SATURDAY, OCTOBER 14, 2006
What do the holy books say about the paying of respects to the deceased on the Sabbath? Is it a form of work, prohibited on the sacred day, or a kind of rest? There is no Arianna to ask. Slava might not be long for the answers, but he will look them up anyway. He has to get ready to teach those who come after him.
From the train platform, the rows of headstones look like children gathered for an assembly. Up close, the graves of the American Jews are as unlike the Russian as two siblings whose parents scratch their heads, wondering how the children turned out so differently. The American graves are enormous slabs, saying only: “Fisher b. 1877 d. 1956.” The Russian are smaller but make up with ornament: scalloped shoulders, roses climbing the panels, multipeaked crowns, and on the stones themselves, beneath suns setting on menorahs that the family of the deceased never lit while he was alive, inscriptions:
“We miss you, dear one, like the earth misses the rain.”
“Words have little room, but thoughts fly free.”
“An evil whirlwind has passed above this earth and taken you into that other world.”
“Little son, why did you leave us so soon?”
The mortuary Seurat who has etched the face of this last unlucky addressee in a pointillist style rendered even his incipient mustache.

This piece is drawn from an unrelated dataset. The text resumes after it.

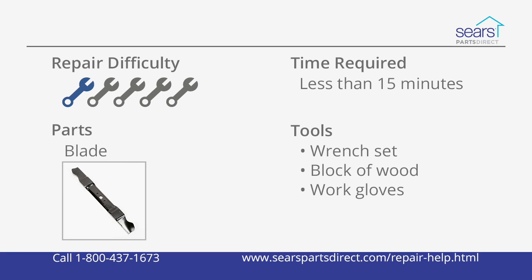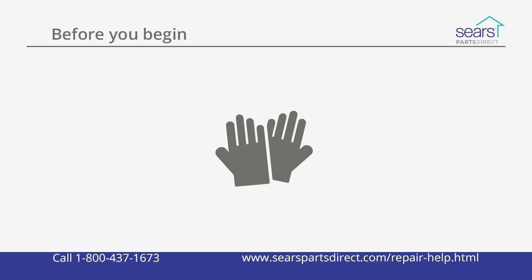It's important to keep a sharp blade in order to keep your mower cutting evenly and cleanly. Check the mower blade a few times during the mowing season. If the blade is bent or damaged, you can replace it using the steps in this video. Let the engine cool. Wear work gloves to protect your hands. Now let's get started.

Eighteen years old. Auto accident. He is the cup and saucer who broke on arrival, the rest of the set having to carry on incomplete. It is a blessing to die in the natural order.

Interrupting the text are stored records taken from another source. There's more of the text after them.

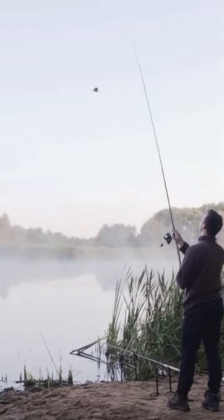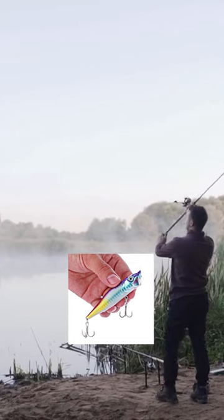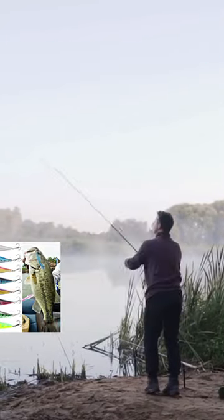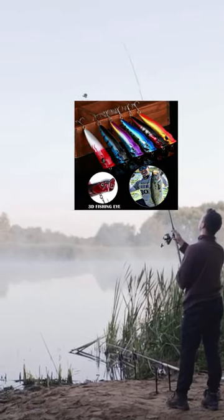The set includes eight fishing lures. Each lure weighs 0.42 ounces and is 4.33 inches long. The lures have realistic-looking eyes and the bodies are highly detailed. They also have two strong and sharp hooks.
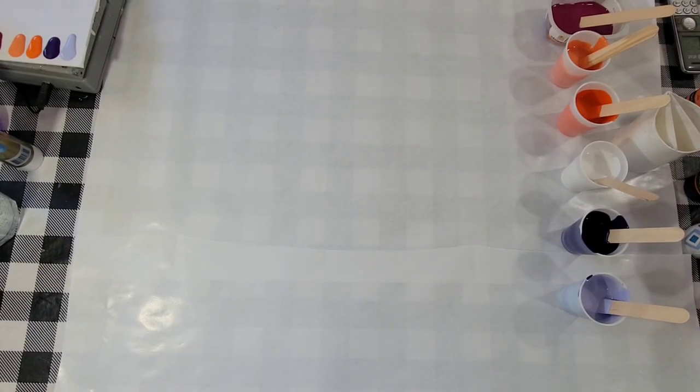Hello, my friends. I'm going to be doing a ring pour today, I think. Possibly a ring and ribbon pour.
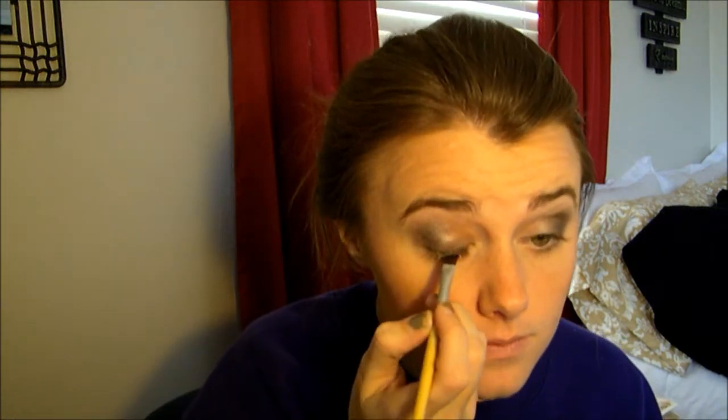Now you're just going to line a very thin line on your lash line. I think I'm going to use a gel liner — I'm going to use Maybelline's Eye Studio in Blackest Black, and then also this Ecotools pencil which I use for eyeliner. Stay as close to your lashes as you can get.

You can tell the anniversaries by the heaps of flowers. The cemetery has set out notices about stagnant water and West Nile virus, so the flowers are mostly plastic, a rare act of civic obedience. These last longer and require less maintenance anyway.
You can tell the new graves by the eight-by-elevens, encased in cellophane to defend from rain, wedged into humps of freshly turned earth. A Soviet-Jewish family tends not to wait a year before unveiling a tombstone, as Jewish custom dictates, but neither does it erect one immediately, as it would have in the Soviet Union. It strikes a murky compromise between worlds whose logic is clear only to its members: one month or two.
Slava’s secret descendant, he of the beer can and the accentless tongue, how long will he wait? There is a Hasidic belief that three generations of deceased ancestors keep watch over the newlyweds under a chuppah. Slava wants an inversion of this teaching — three generations of unborn descendants keeping watch over a grave. As he strides down Tulip Row A, approaching Grandmother’s plot, flowerless but with a notebook in hand, they wait for him by her stone.
How will I explain to you how we lived, there and here? There, our evenings spent in some living room — for there was really nowhere to go — fearful but safe, insecure but joyful, guarded but open? And here, the reused paper towels, the boxes of instruction manuals saved for some future loss of direction, the receipts organized in an accounting of every indulgence?
But you must know these things, for you will replace me as I am replacing them.
In the distance, a mower whines in the hands of a groundskeeper. Behind the noise, you can hear — after all — the train running its fingers across the ribs of the tracks. It comes through the pavement and into your feet.